Лукавец Симонов был писателем очень одаренным и на редкость трудолюбивым. Кто-кто, а уж он-то знал цену труду, и следует верить его восхищению рабочей хваткой Татлина. Пусть расскажет о «башне Татлина», как прозвали знаменитую модель памятника Третьего интернационала. «Когда смотришь на старые фотографии Татлина и его товарищей по работе над проектом памятника, то сразу жеотмечаешь про себя, что это не просто авторы проекта, это люди, застигнутые в разгар работы, люди, своими руками превращающие этот проект в модель, сложную по конструкции и по материалам, большую, пятиметровую, то есть целое инженерное сооружение.
Недавно я прочел у архитектора Т. М. Шапиро, с которым сотрудничал Татлин, работая над проектом и моделью памятника, очень поэтичные, на мой взгляд, строки, связанные с самой атмосферой этой работы. „Прогулки по набережным Невы с лесом кранов и ферм были для нас неисчерпаемым источником вдохновения. Вид подвижных ажурных конструкций на фоне быстро бегущих туч открывал нам поэзию металла. Так вызревала идея сквозной динамичности сооружения как главного средства эмоционального воздействия на зрителей“.
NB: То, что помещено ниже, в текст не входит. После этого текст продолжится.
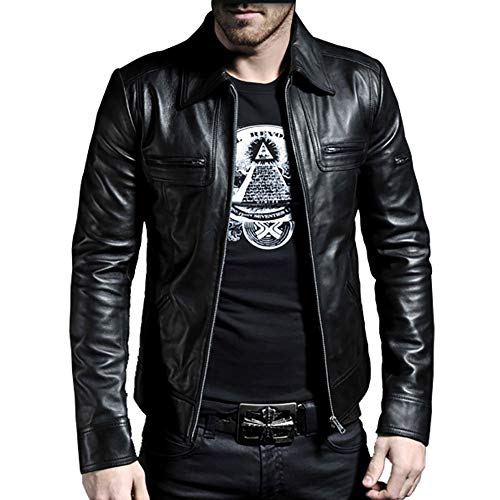 Laverapelle Men's Genuine Lambskin Leather Jacket (Black, Large, polyester Lining) - 1501200
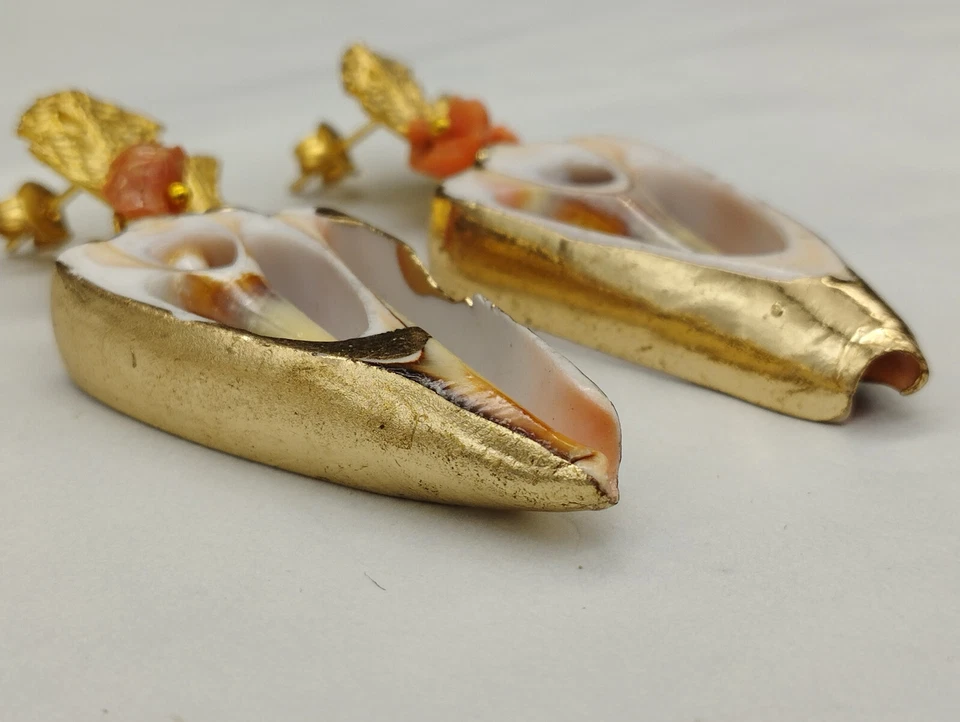 Pendientes Mujer Colgantes Real Coral Rojo Concha Perno A Lobo Verano - Imagen 4 de 4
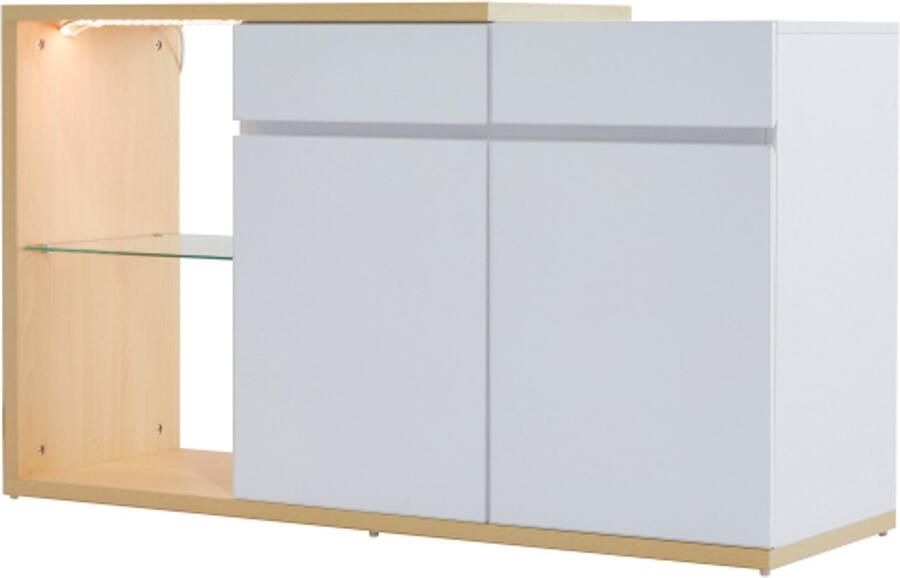 GOTAGEE LED dressoir breedte 120 cm multifunctioneel dressoir ladekast 2 deuren 2 laden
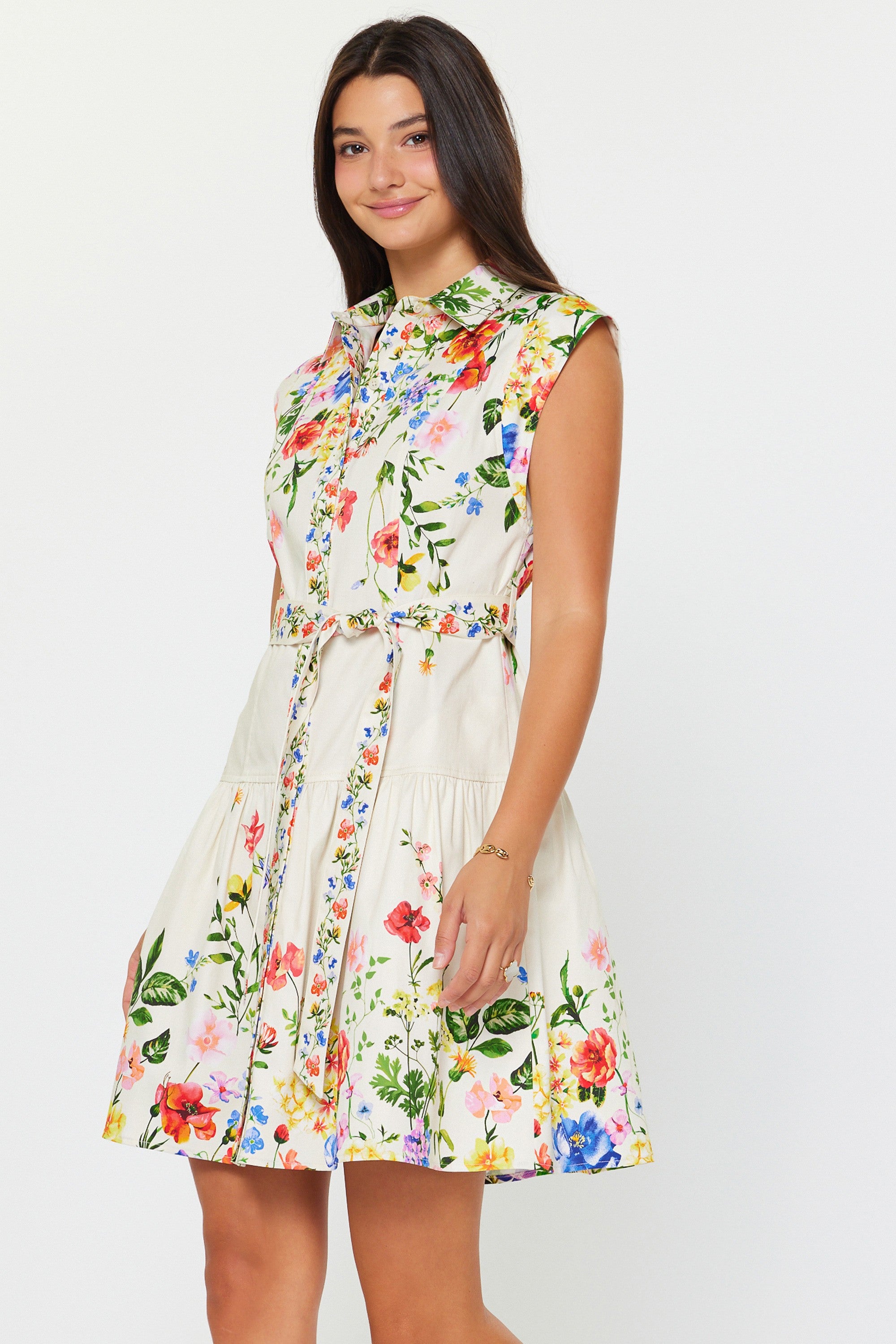 White/Multi Colored Floral Mini Dress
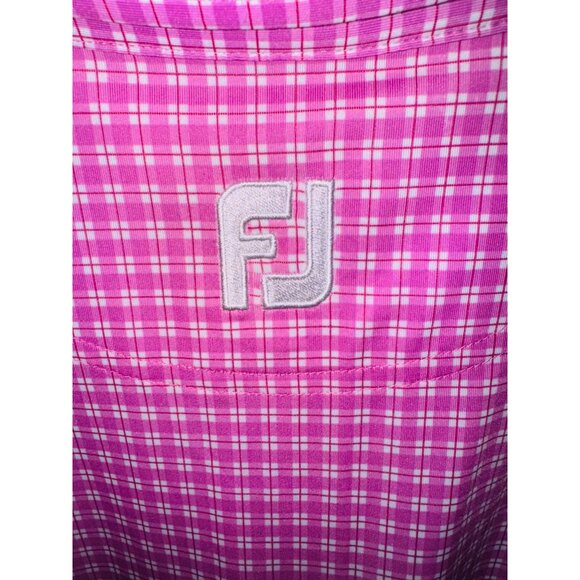 NWT FJ Lisle Pattern Ice Berry Pink Checkered Golf Polo Moisture Wicking Shirt - Picture 7 of 10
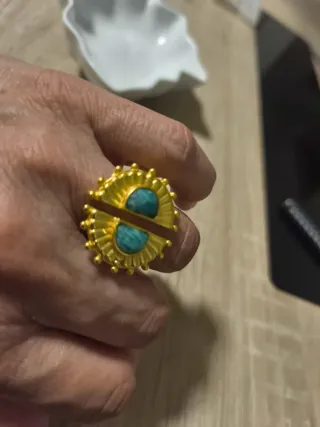 Anillo Ajustable Amazonita Dorado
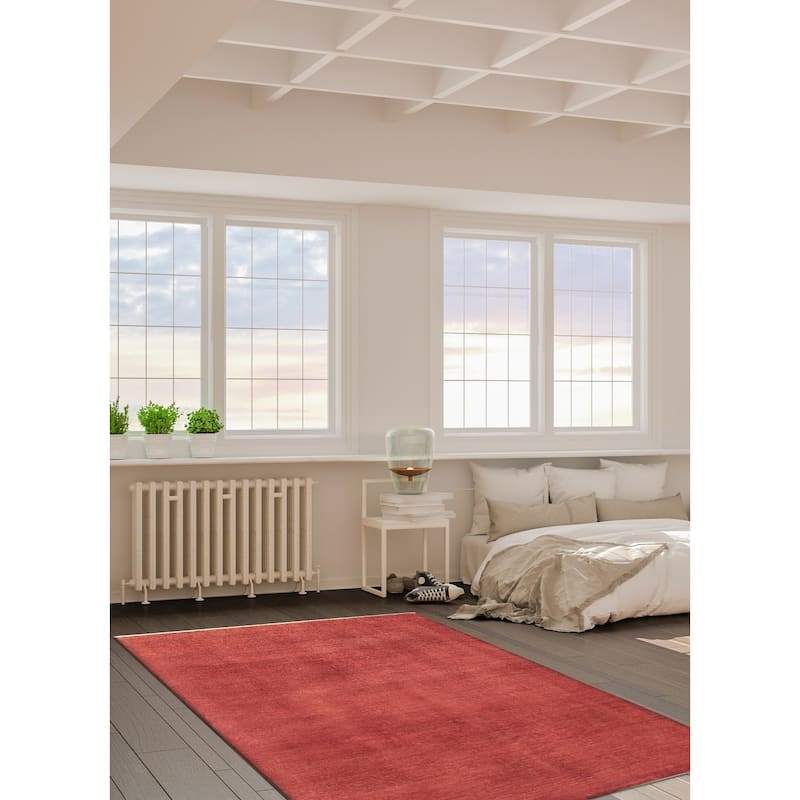 ECARPETGALLERY Hand-knotted Vibrance Coral Wool Rug - 7'10 x 9'9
И хотя в период создания этой модели, в 1919–1920 годах, морские плавания остались у Татлина далеко позади, эти строки напомнили мне о том, что Татлин когда-то был моряком, а сам образ ажурной металлической башни, внутрь которой вписаны объемы нескольких залов и помещений, мысленно связался с ощущением морского и небесного простора, куда врезается что-то по-корабельному высокое, сильное и прочное, населенное людьми и вознесенное ввысь людскими руками. Идея создания проекта этого памятника вызревала у Татлина, а потом и начинала осуществляться в ту пору, когда он работал в ИЗО [3] Наркомпроса и был прямо причастен к целому ряду практических дел, связанных с осуществлением ленинской идеи монументальной пропаганды. Есть немало документальных свидетельств того, какое непосредственное участие принимал Татлин в этой общей работе, а сам проект памятника Третьего интернационала остался прямым результатом его собственной художнической попытки принять участие в реализации этих планов. Попытка эта была одухотворена высокими целями и отмечена дерзостью архитектурной и конструкторской мысли, а если говорить о самой модели, то и высокой профессиональной техникой исполнения.
3
ИЗО — отдел изобразительного искусства Народного комиссариата просвещения.